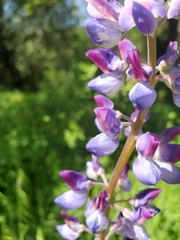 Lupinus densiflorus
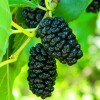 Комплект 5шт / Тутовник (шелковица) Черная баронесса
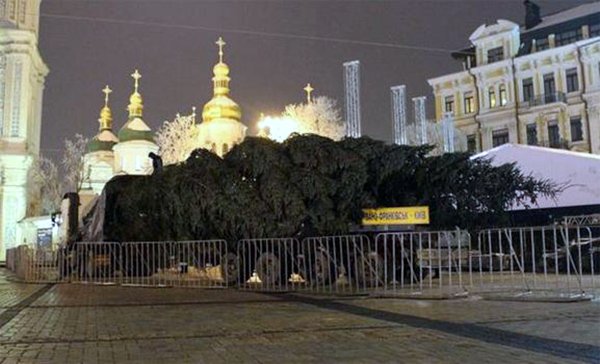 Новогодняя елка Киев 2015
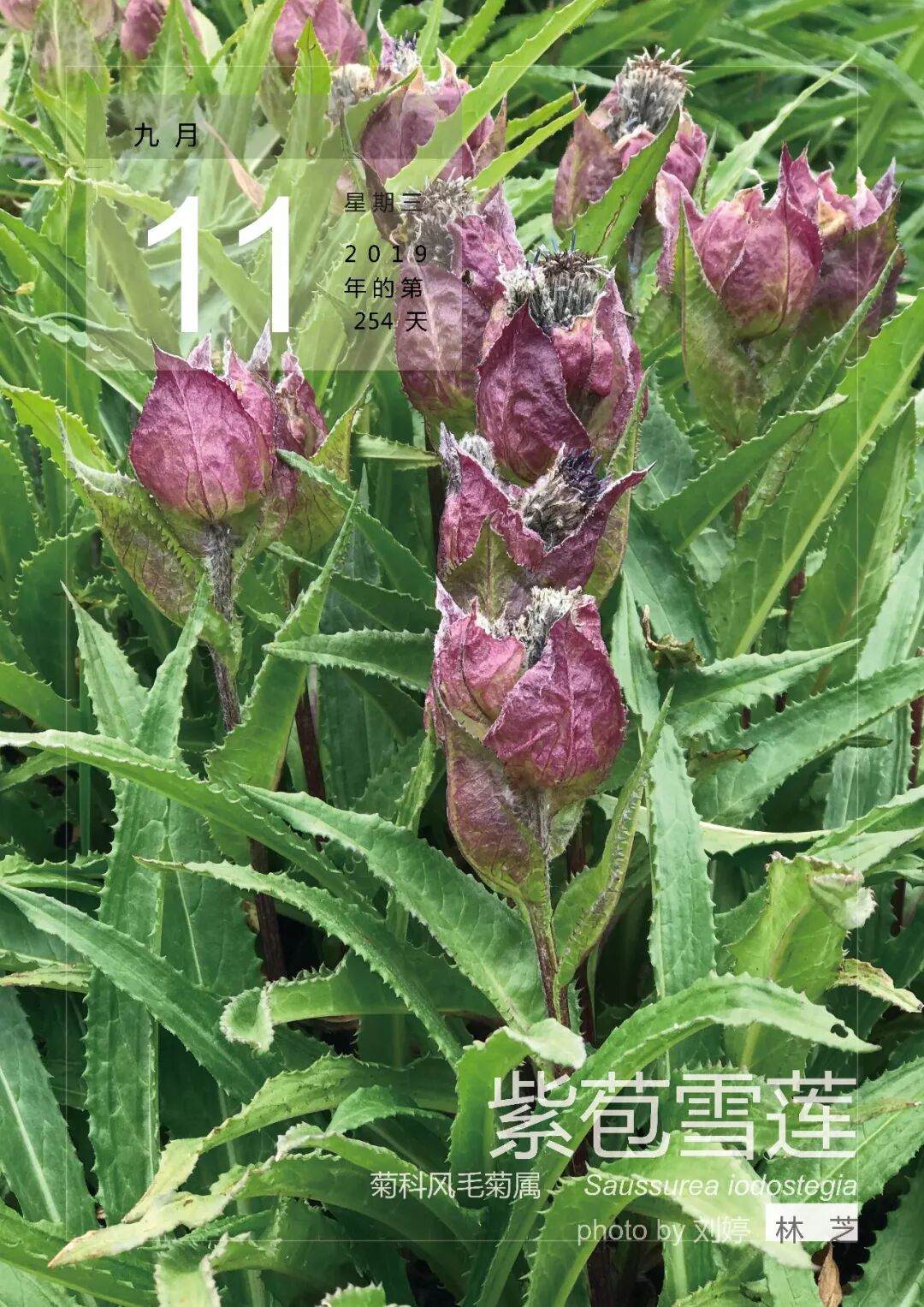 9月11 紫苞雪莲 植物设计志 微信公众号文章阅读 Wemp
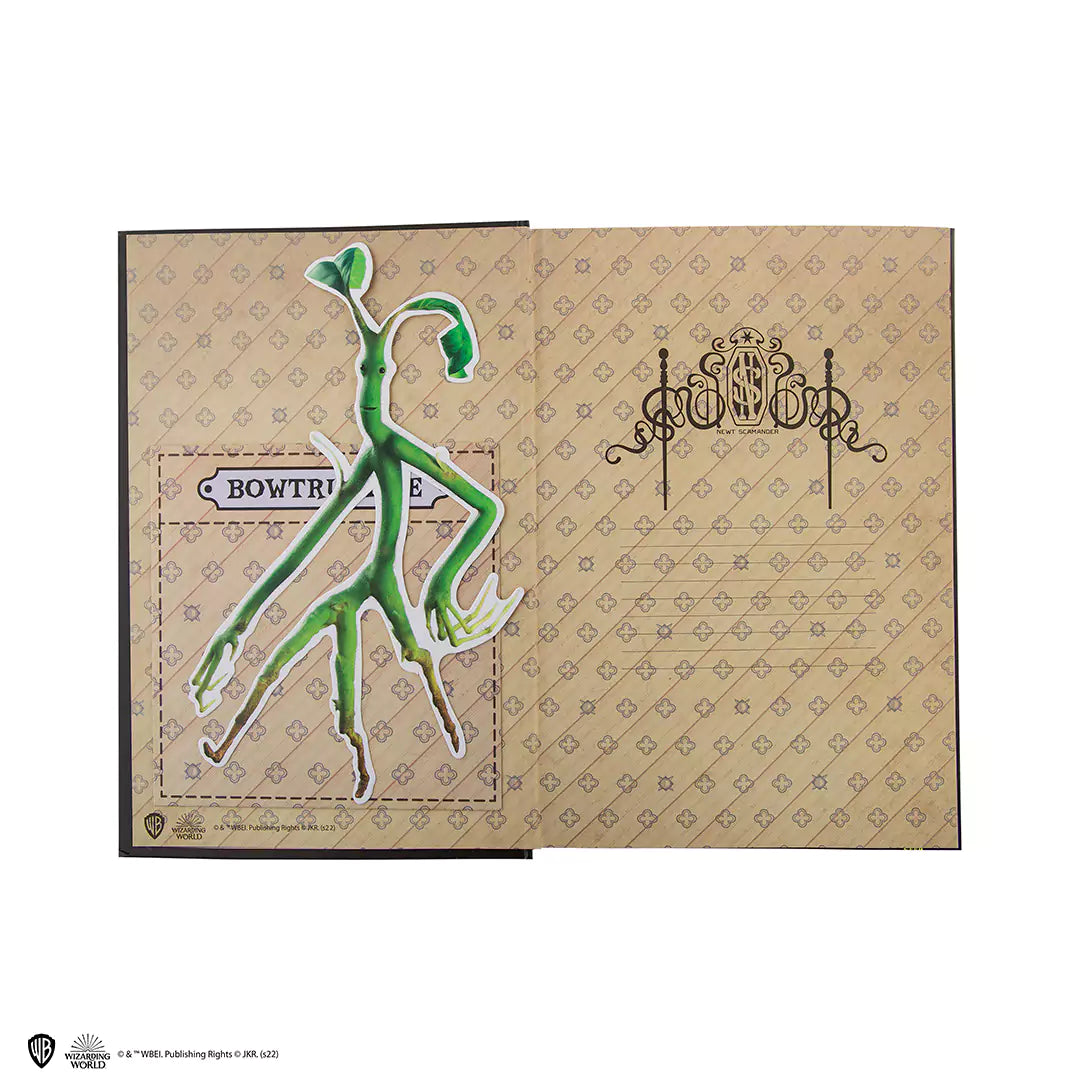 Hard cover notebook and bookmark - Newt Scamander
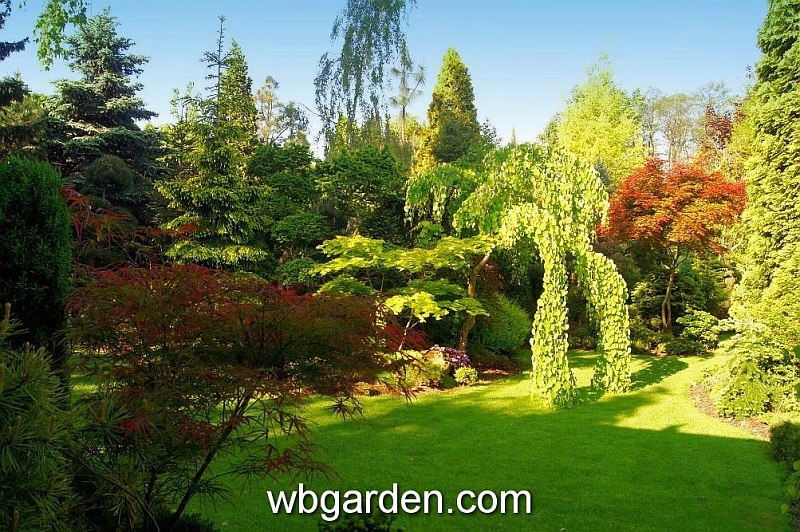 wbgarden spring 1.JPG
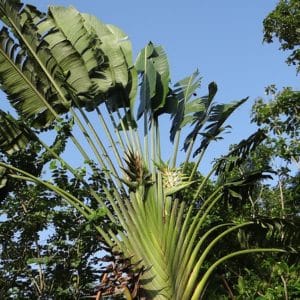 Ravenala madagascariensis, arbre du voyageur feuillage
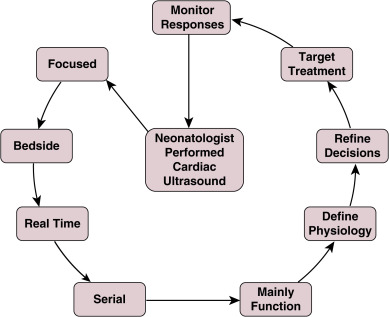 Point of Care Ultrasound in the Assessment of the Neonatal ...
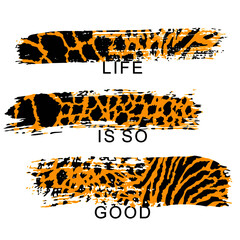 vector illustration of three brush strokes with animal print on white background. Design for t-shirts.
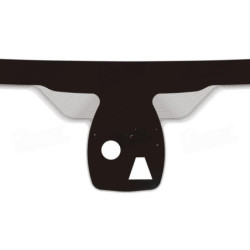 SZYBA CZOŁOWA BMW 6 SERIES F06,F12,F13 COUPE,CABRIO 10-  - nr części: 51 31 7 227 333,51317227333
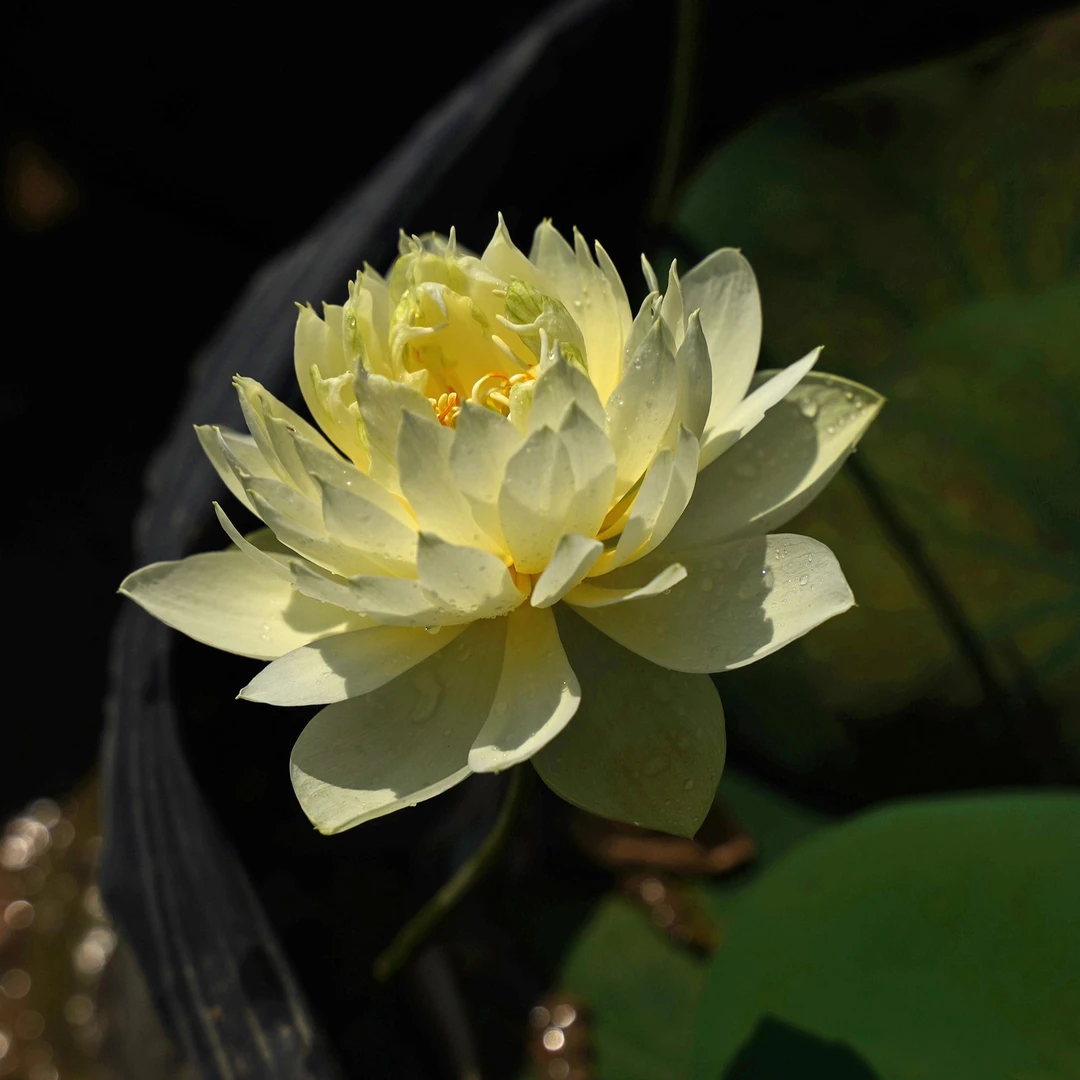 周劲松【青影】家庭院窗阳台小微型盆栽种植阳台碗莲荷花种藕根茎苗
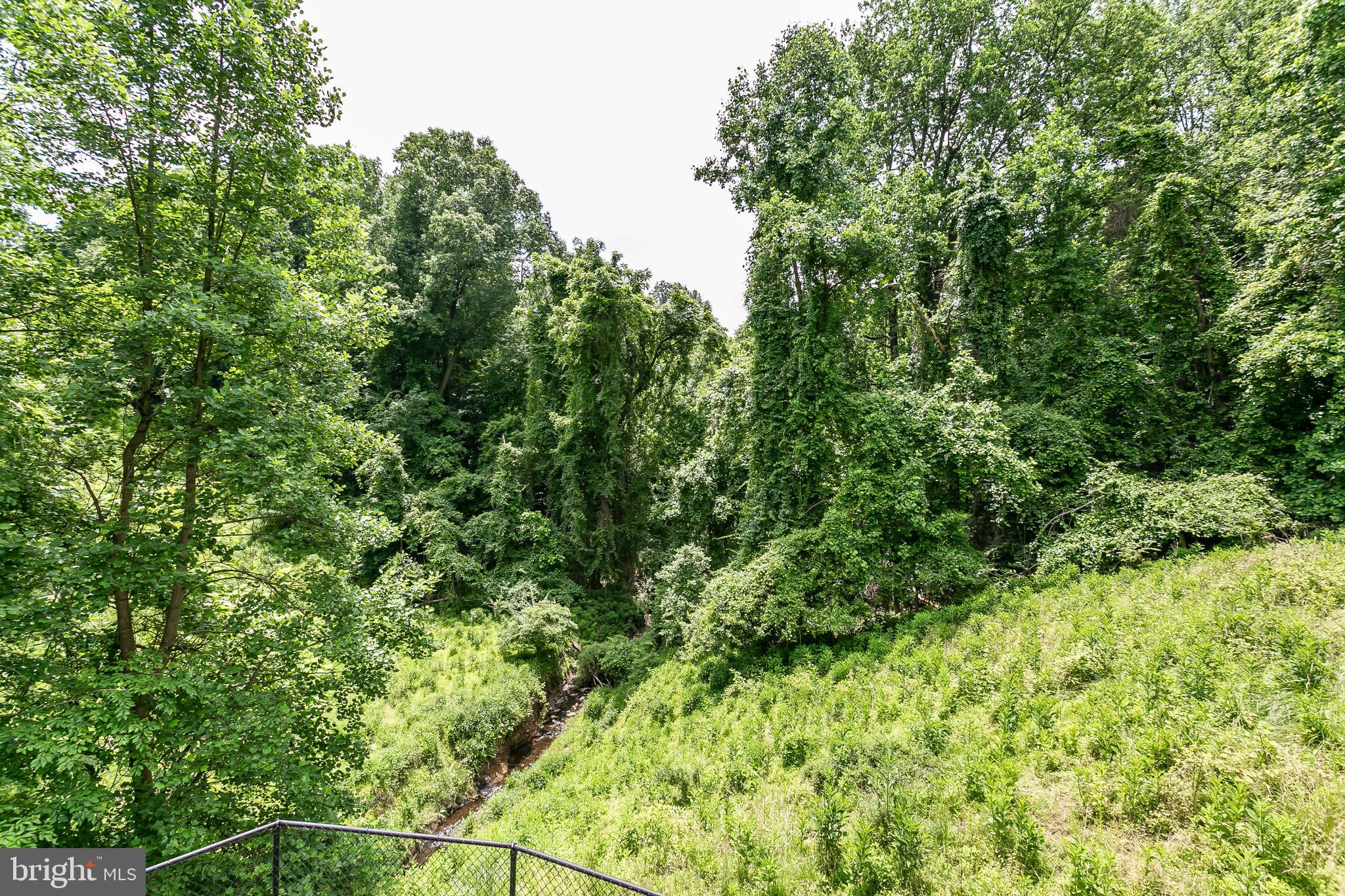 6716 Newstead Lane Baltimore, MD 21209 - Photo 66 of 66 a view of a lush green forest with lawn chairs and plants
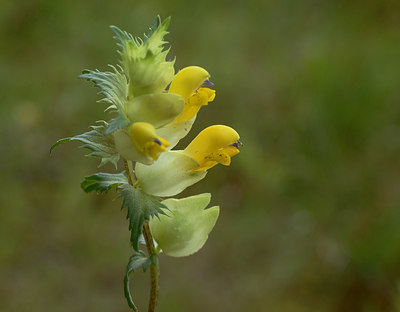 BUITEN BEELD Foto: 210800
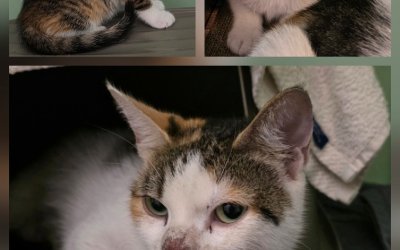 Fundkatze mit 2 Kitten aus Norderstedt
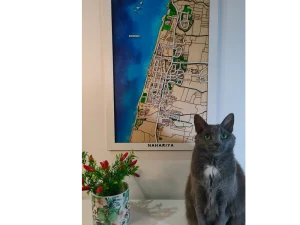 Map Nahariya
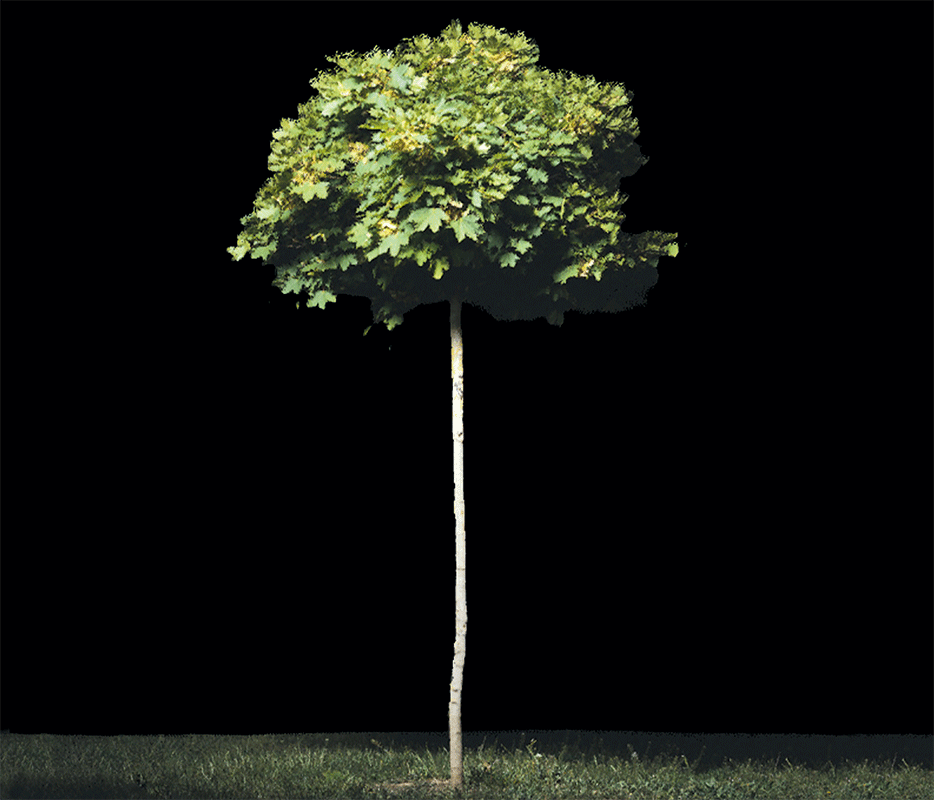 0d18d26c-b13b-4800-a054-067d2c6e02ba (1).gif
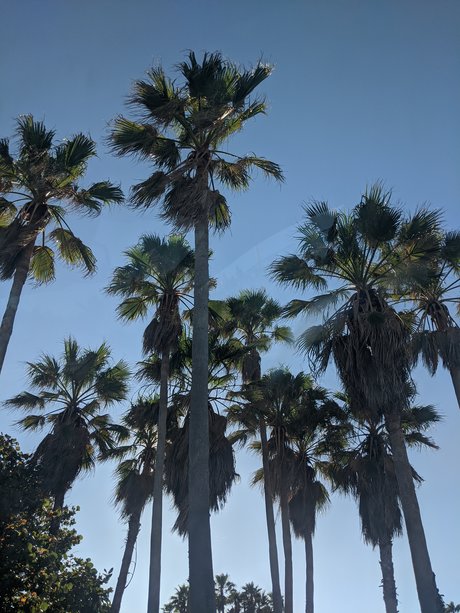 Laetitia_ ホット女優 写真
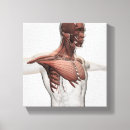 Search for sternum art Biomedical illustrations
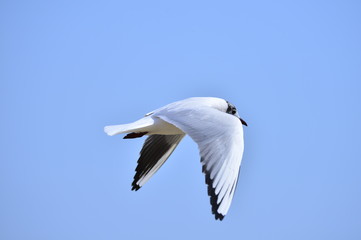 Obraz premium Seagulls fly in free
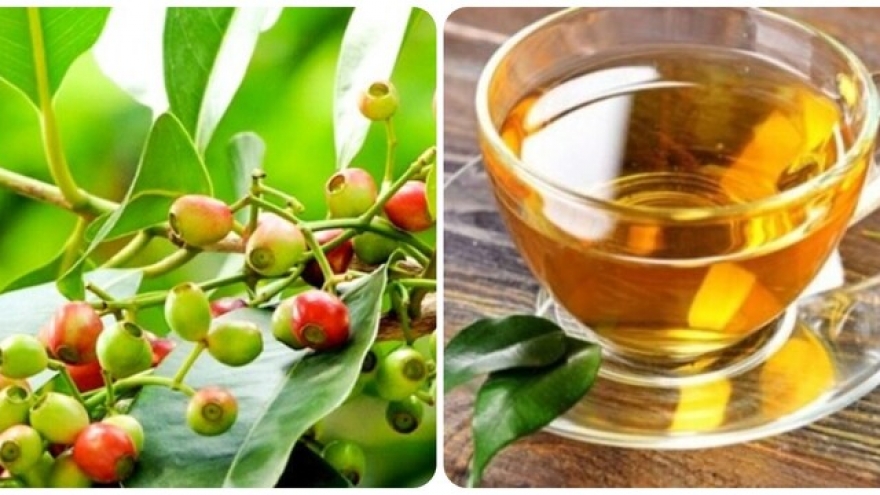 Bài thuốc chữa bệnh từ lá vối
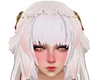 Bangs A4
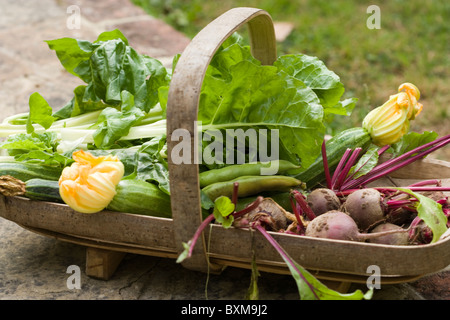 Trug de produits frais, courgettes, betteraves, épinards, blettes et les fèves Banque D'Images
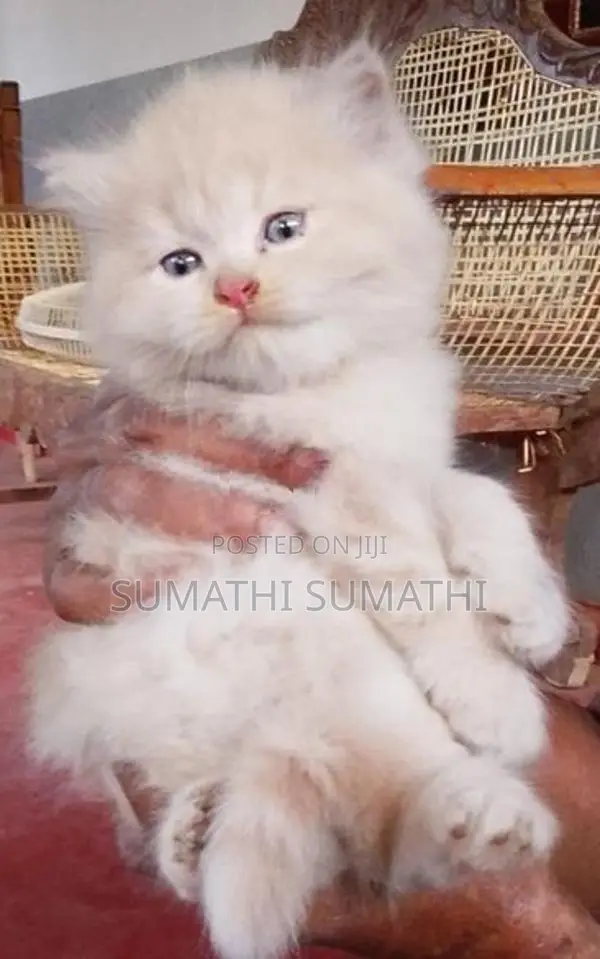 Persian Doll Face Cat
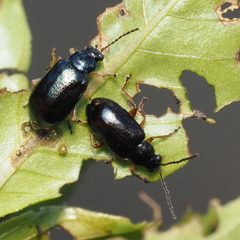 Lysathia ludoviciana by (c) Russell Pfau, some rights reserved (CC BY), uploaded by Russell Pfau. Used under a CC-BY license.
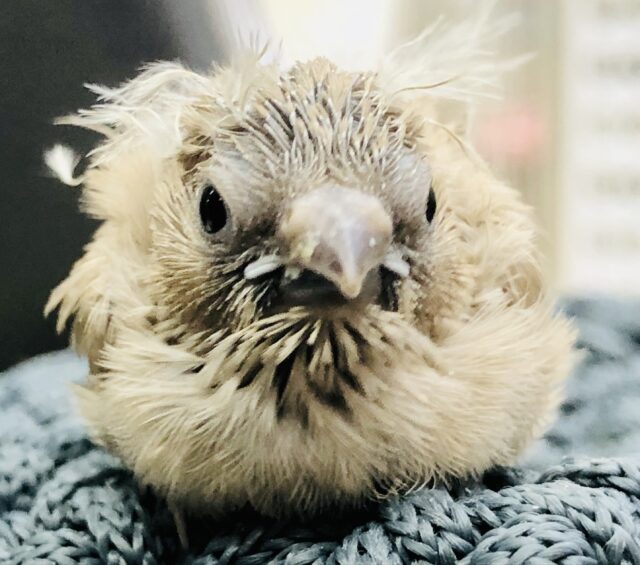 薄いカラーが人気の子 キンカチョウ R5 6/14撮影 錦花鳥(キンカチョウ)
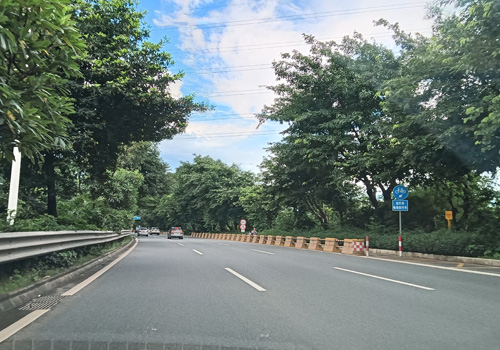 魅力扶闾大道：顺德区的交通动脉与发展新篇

§ What is being asked: Could you reproduce every record above exactly, leaving out any pictures?

§ Answer to this problem:
 Lupinus densiflorus
 Комплект 5шт / Тутовник (шелковица) Черная баронесса
 Новогодняя елка Киев 2015
 9月11 紫苞雪莲 植物设计志 微信公众号文章阅读 Wemp
 Hard cover notebook and bookmark - Newt Scamander
 wbgarden spring 1.JPG
 Ravenala madagascariensis, arbre du voyageur feuillage
 Point of Care Ultrasound in the Assessment of the Neonatal ...
 vector illustration of three brush strokes with animal print on white background. Design for t-shirts.
 SZYBA CZOŁOWA BMW 6 SERIES F06,F12,F13 COUPE,CABRIO 10-  - nr części: 51 31 7 227 333,51317227333
 周劲松【青影】家庭院窗阳台小微型盆栽种植阳台碗莲荷花种藕根茎苗
 6716 Newstead Lane Baltimore, MD 21209 - Photo 66 of 66 a view of a lush green forest with lawn chairs and plants
 BUITEN BEELD Foto: 210800
 Fundkatze mit 2 Kitten aus Norderstedt
 Map Nahariya
 0d18d26c-b13b-4800-a054-067d2c6e02ba (1).gif
 Laetitia_ ホット女優 写真
 Search for sternum art Biomedical illustrations
 Obraz premium Seagulls fly in free
 Bài thuốc chữa bệnh từ lá vối
 Bangs A4
 Trug de produits frais, courgettes, betteraves, épinards, blettes et les fèves Banque D'Images
 Persian Doll Face Cat
 Lysathia ludoviciana by (c) Russell Pfau, some rights reserved (CC BY), uploaded by Russell Pfau. Used under a CC-BY license.
 薄いカラーが人気の子 キンカチョウ R5 6/14撮影 錦花鳥(キンカチョウ)
 魅力扶闾大道：顺德区的交通动脉与发展新篇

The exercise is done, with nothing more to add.